Locals have thrown their support behind legal action launched against the producers of potentially toxic waste stored at a disused paper mill in Mataura.
The Environmental Defence Society has filed Environment Court proceedings against New Zealand Aluminium Smelters over the 10,000 tonnes of so-called ouvea premix dumped in the small Southland town in 2014.
The waste, which releases toxic ammonia gas when wet, caused concerns in February when the swollen Mataura River swept through its namesake’s streets during flooding around the Gore District.
The ouvea premix is a by-product of aluminium production at Tiwai Point.
While New Zealand Aluminium Smelters contracted Taha Asia Pacific to take care of the waste product in 2011, the Environmental Defence Society was arguing that contract – and Taha’s subsequent liquidation – should not absolve the smelter of responsibility.
The society’s chief executive, Gary Taylor, said they were asking the court to decide who had responsibility under the Resource Management Act.
“Our contention is that the aluminium smelter has that responsibility, notwithstanding any contractual arrangements they’ve made to pass it on to other people,” Taylor said.
The society sought court-assisted mediation as a first step.

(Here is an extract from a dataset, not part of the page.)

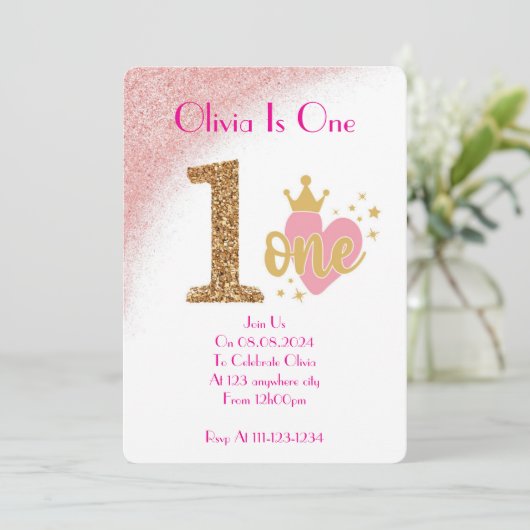 EEN JAAR OUD MEISJE VERJAARDAG UITNODIGING (Staand voorkant)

“I would expect that could happen pretty promptly,” Taylor said.
“If there was a need for a hearing, the Environment Court is pretty efficient these days, I would expect that we’d get this matter resolved by the end of the year.”
In March 2018, local authorities, the government and the smelter agreed to a $4 million plan to move the waste from Mataura and other sites around Southland over six years.
Taylor said the legal action did not change that.
“We’re saying that as long as that material sits there and is a potential risk to human health then that’s their responsibility and they need to acknowledge that.
“If they did that I think you’d find the material was moved much more quickly to a safer site.”
The Environmental Defence Society’s approach had the support of Gore District Council.
Council chief executive Steve Parry thought a handshake deal had been reached to expedite the removal of the waste following February’s floods, but the smelter backed out after its principal owner Rio Tinto got involved.
Mayor Tracy Hicks said the council had provided the Environmental Defence Society with information to assist its claim.
“If there has to be blame laid at the foot of this particular issue, we believe – along with the Environmental Defence Society – the blame lies with Rio Tinto, who are the owners and manufacturers of the product,” he said.
“At the moment we have a situation where we have got a toxic product stored not just in Mataura, but across the province, that the community – be it the local community and the national community – are having to pay to clean up.”
Sort Out The Dross spokesperson Cherie Chapman said she also supported the court action and hoped New Zealand Aluminium Smelters would be forced to clean up the waste.
“NZAS and Rio Tinto have to take ownership of this stuff,” she said.
“It’s gone on too long and it’s been sitting around not only Mataura but Southland for a very, very long time. So I think it’s a really good idea to establish who owns this stuff.”
Environment Minister David Parker declined to comment on the court action but said negotiations with the smelter were ongoing.
More than 1000 tonnes of the ouvea premix had been moved from Mataura so far under the 2018 deal, but that was not fast enough for the community.